The activist goup „Extinction Rebellion“ is striving for an exit of fossil fuels by 2025, occupying bridges and government facilities. „Direct actions“ of this type are needed to ring the alarm bells. George Monbiot was involved in „direct actions“ himself previously, for example when he tried to arrest today’s National Security Advisor John Bolton in 2008 for his involvement in the illegal Iraq War. However, in addition to actions, a new progressive narrative is needed as well, in order to replace the neoliberal narrative. Although neoliberalism is morally, economicaly and politicaly bancrupt since the financial crisis in 2008, the left has not been able to challenge it with a new narrative.

Guests: 

George Monbiot, columnist with the Guardian und author of Heat: How to Stop the Planet Burning and Out of the Wreckage.

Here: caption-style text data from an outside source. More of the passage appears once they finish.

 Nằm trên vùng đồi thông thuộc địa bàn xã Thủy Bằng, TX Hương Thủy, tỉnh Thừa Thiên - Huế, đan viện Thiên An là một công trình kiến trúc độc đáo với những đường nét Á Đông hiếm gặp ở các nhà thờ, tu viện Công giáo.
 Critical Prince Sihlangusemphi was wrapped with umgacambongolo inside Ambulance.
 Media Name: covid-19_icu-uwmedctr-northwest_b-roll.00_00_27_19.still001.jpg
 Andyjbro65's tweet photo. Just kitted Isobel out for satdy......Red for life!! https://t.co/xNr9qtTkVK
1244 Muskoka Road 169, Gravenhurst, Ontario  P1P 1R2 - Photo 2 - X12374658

A New Politics for an Age of Crisis

Transcript: 

Fabian Scheidler: There is a group in the UK called Extinction Rebellion, calling for an end to fossil fuels by 2025, blocking bridges and government facilities. They are also part of the international Friday for Future school strike alliance with tens of thousands of students striking all over the world for rapid climate action. Can you talk about these movements and their significance?

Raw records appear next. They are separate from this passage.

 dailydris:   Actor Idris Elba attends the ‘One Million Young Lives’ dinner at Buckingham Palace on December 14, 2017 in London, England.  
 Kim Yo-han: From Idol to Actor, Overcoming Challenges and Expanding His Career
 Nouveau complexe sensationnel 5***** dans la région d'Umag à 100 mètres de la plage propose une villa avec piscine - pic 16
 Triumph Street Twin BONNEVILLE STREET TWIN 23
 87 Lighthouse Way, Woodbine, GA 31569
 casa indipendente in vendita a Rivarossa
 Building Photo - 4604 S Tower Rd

George Monbiot: Yes. I’ve been involved with Extinction Rebellion. I’ve been on a couple of their actions. Very successful actions in central London, shutting down bridges, occupying Parliament Square. I think they’re great and I think this is exactly what we need. We need something radical, visible, far more effective than we’ve seen so far. And there’s some very impressive people involved. What I love seeing is this mixture of older and younger people. When I was involved in direct actions twenty, thirty years ago we were kind of doing it for the first time. It was generally all young people, and we didn’t realize that people in previous generations had done all this and had learned from their mistakes and had developed good techniques and bad techniques of doing so. In a way our arrogance was kind of a good thing, because we had the confidence just to say, “We’re gonna save the world, we’re gonna push through all this, we don’t need to learn anything, we’re just gonna do it.” And there was something quite good about it in a way, but we would’ve benefited greatly from other people’s wisdom. Now, what I love about Extinction Rebellion is it’s got some veteran activists involved, but it’s also got students and school children, large numbers of very fine young people who’ve got the confidence, who’ve got the excitement about it. And the combination I think is very powerful.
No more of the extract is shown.